Experts-Exchange is a great place to come for help with solutions for your database issues, and many problems are resolved within minutes of being posted. Others take a little more time and effort and often providing a sample database is very helpful in getting your questions answered.
Posting samples however, comes with responsibility and risks. Your employer and clients have entrusted you
with their databases and their data, and it is up to you to use care and respect when sharing applications with others.
So what kind of data is safe to share?
As a rule, you should never, ever
post Personally Identifiable Information (PII). In a nutshell, this is any information that can be used by itself or in conjunction with other collected data to identify or locate another person. This article lists specific types of information that fall into this category, and discusses the potential hazards of sharing it:
Conversely, a database of recipes may (*
see note) be okay to share, as it does not compromise sensitive information about other people.
In addition to PII, you should take into account whether your database contains:
- Classified information (enough said)
- Proprietary or competition sensitive information
- Anything else your employer or clients do not want shared
Also keep in mind that it is not just data in your tables that can be sensitive.

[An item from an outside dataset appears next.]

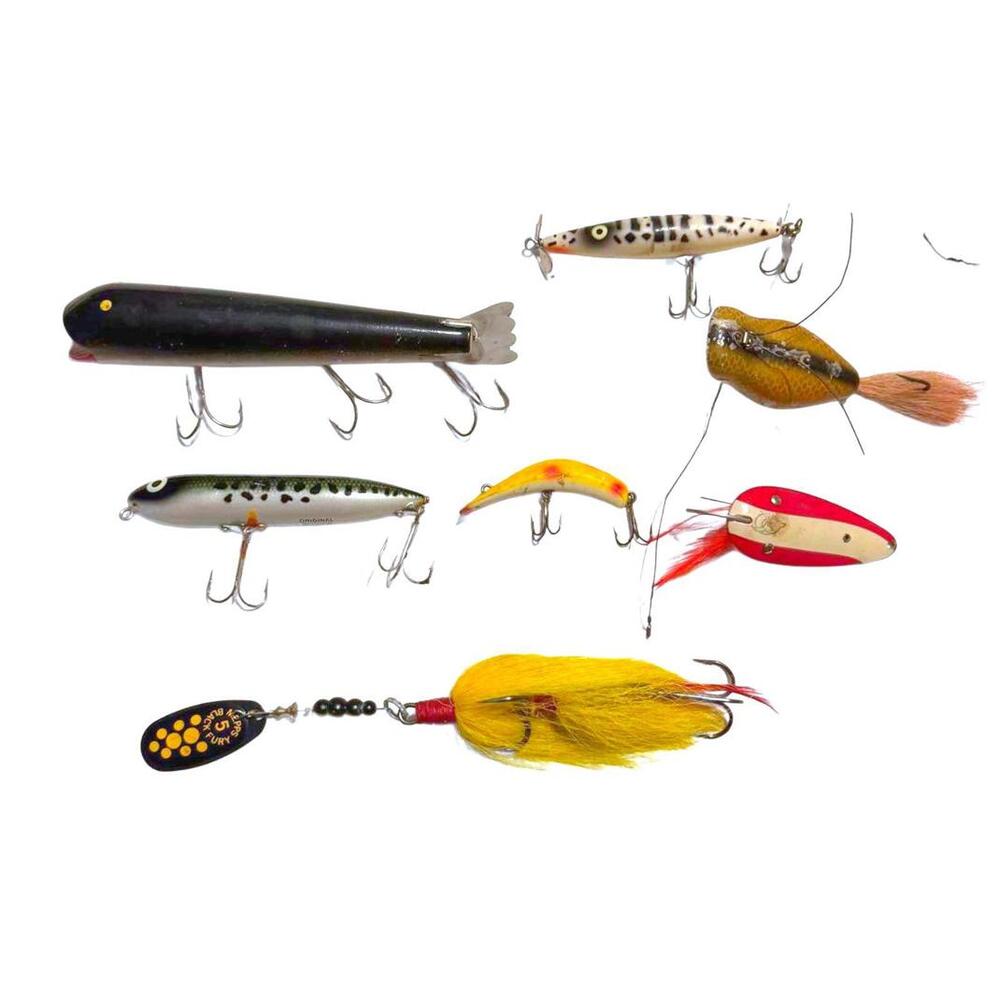 7 Assorted Vintage Fishing Lures Kautzky Bobby Bait Heddon Mouse Lure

Care should also be taken with code, designs, variable and object names, etc that may contain names, projects, work details or anything else that singly or combined compromise too much information.
If there is any grey area or doubt, ask your employers or clients before posting. While some data may seem harmless, if you are building a database for anyone other than yourself, it would be prudent to ask whether it can be shared (the database you are working on is ultimately someone else’s property).
Although many people recognize that the databases they are trusted with contain sensitive information, with the pressure to get problems resolved quickly, there are still common mistakes that are made.
Assuming that questions posted here are private to the EE community
While the activity on EE questions is limited to Members, anything posted here can be found by anyone with an internet connection.
Posting a database with the intent of removing it after the question is resolved
Some authors do this, and sometimes it is even wrongly suggested by Experts. Once a database is posted and is used as the basis for the discussion and the solution, it becomes an integral part of that thread. The Mods do not delete posted samples. In the interest of keeping the value of the questions and EE’s knowledgebase intact, they only replace the original uploads with comparable samples that have been sanitized by the Authors. This is a lot of work for all involved, especially for the OP scrubbing the sample, and it can take a couple of weeks for deleted/replaced information to stop showing up in Google searches. So it is best to do things right the first time around.
Emailing a sample containing sensitive information to a 'trusted' Expert
Even with private communication, someone who is not authorized to see the information is at the receiving end. (Plus, EE does not allow email-based solutions)
While Experts-Exchange is a friendly and very helpful online community, there is simply no telling what is going to happen with sensitive information once it gets posted (or emailed), or how it will be used before it gets ‘cleaned up’. The only thing that is certain is that it has left your control, and the bottom line is that information that should have been kept close has been compromised.
Tips for posting samples sensibly
Don’t rush to post a sample. In most cases, if you describe your problem clearly, and respond to any requests for clarification a sample is not needed at all. Your questions should stand on their own, with samples provided if needed for additional clarification or resolving trickier issues.
Whenever possible, create your samples from scratch. This eliminates the possibility of accidentally copy/pasting and uploading sensitive information, since it makes you very aware of what you are including. It also generally makes for a smaller sample, focused specifically on the issue you are trying to resolve – which is easier for the Experts to work with, and can lead to a quicker solution.
If it is not possible or reasonable to create a sample from scratch, create a new database and import only the portions needed to illustrate the issue at hand. As you are doing so, ensure that your data, code, variable and object names, etc are safe to share. This method again limits the sample to just the important parts and is helpful in speeding a solution.
If you are sharing tables, remove any real data. The actual data is almost never a factor in resolving problems – just the table structure, forms, code etc. Having a few lines of junk data is usually enough. It is useful to maintain a ‘development’ back-end with tables containing only junk data, which can be shared if needed.
If you feel a problem absolutely, positively cannot be resolved without posting a full database, take extreme care in what you post. If there is sensitive information contained in that database, you should seriously consider options other than an online forum.
While this may seem like a lot of time and effort – especially with urgent, time sensitive problems to resolve, it is well worth it. Carelessness in this area compromises the privacy of others and trust, and can put your job on the line.